18 de Agosto del 2013
Jer 38,4-6. 8-10 / Sal 39 / Heb 12, 1-4 / Lc 12, 49-53.
Todos sabemos por la experiencia personal, por la observación de los acontecimientos y por el sentido común que todo hombre, siempre y a todas horas; de cualquier pueblo, credo o ideología, busca la felicidad sin poder olvidarlo jamás. El hombre para eso ha sido creado.

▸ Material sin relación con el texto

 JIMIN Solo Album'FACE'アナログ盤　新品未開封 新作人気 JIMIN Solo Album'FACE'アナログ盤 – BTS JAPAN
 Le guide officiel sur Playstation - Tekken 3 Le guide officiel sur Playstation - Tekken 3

Si alguien renunciara o ignorara esa realidad nos parecería anormal o locura; pero esa felicidad, relativa si se quiere, aunque aquí en la tierra sea por eso mismo transitoria y pequeña, se da cuando nos hallamos en paz con nosotros mismos, en armonía con nuestros seres queridos y con Dios. Nuestro Divino Salvador fue anunciado como Príncipe de la paz; en su nacimiento los ángeles, de parte de Dios entonaron el primer gloria de la historia con un augurio de paz para los hombres amados del Señor. Y prácticamente en todos los discursos, parábolas y alegorías, N. Señor alabó la paz, la llevaba dentro, la comunicaba a los cuatro vientos, la suscitaba en quienes lo seguían o escuchaban, pero hoy nos sorprende el Ev. al decirnos que no viene a traer la paz sino la guerra, la división. Recordamos que en la presentación del Señor, a los 40 días de nacido, se escucharon aquellas palabras enigmáticas y seguramente dolorosas para La Sma. Virgen y S. José. En el Templo aquellas tres palabras ensombrecieron sus rostros: -¡Signo de contradicción!

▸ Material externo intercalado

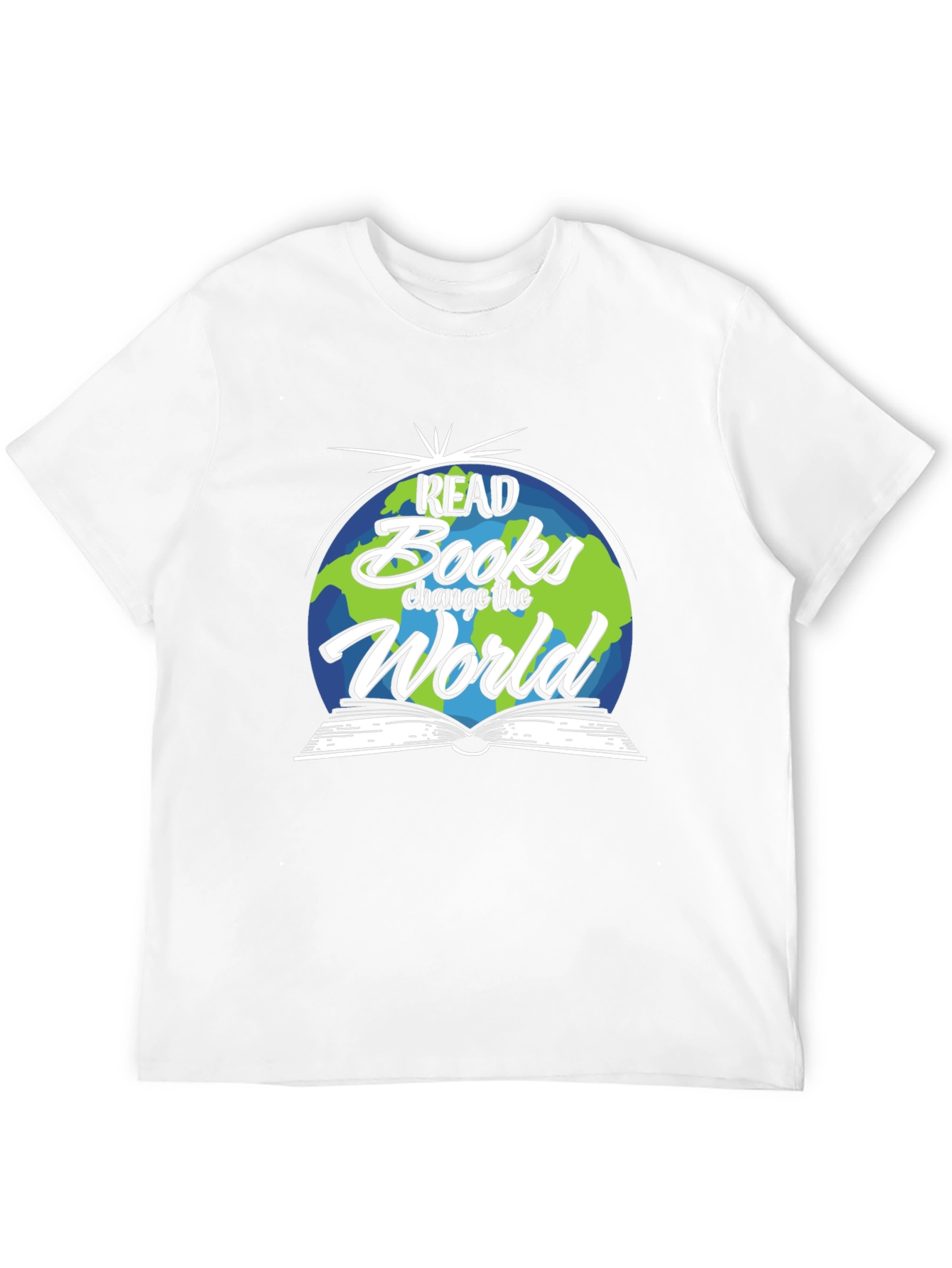Read Books Change The World T-Shirt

Al iniciar el Ev. de hoy con las palabras de “he venido a traer fuego a la tierra… y cuánto desearía que estuviera ardiendo”, ¿a qué fuego y a qué tierra se refiere el Señor sino a su Amor sin medida por nosotros, y la tierra como el corazón de cada hombre que lo sigue? ¿Qué responder ante quien dice: -“Tengo que recibir un bautismo, -tengo que ser sumergido en el abatimiento de la pasión; -Y cómo me angustio mientras llega?” El amor le pone alas a los pies, y marcha hacia Jerusalem donde se encontrará con la contradicción y la cruz; la agonía y la muerte. Lo sabía y claramente lo dice a los suyos de entonces y los suyos de hoy. La 2ª lectura de la carta a los Hebreos nos señala el rumbo para no errar en el camino: -¡Primero dejemos todo lo que nos estorba! Decían los antiguos y es de lógica elemental que para que un vaso sea llenado tiene primero que estar vacío; si ya tenía algo hay estorbos para quedar lleno en su capacidad. Y agrega: -Dejemos todo lo que nos ata, LIBREMONOS DEL PECADO. Aún los pecados leves, hermanos, cuánto dañan al alma. Cuando amamos y obsequiamos a alguien cuidamos que el regalo, con el que mostramos el afecto, no sea sólo proporcionado a nuestra gratitud por el bien recibido sino que ese regalo vaya bien envuelto, quizá con un moño, con una tarjeta en la que cuidamos lo que decimos, que haya sinceridad, reconocimiento y amor e incluso cuidamos hasta el detalle de la letra. Si amamos a Jesucristo, si le ofrecemos el día, las obras, la Misa, hagámoslo cuidando lo esencial pero también lo aparentemente secundario… así es el amor. Ve razones que sólo entiende quien ama.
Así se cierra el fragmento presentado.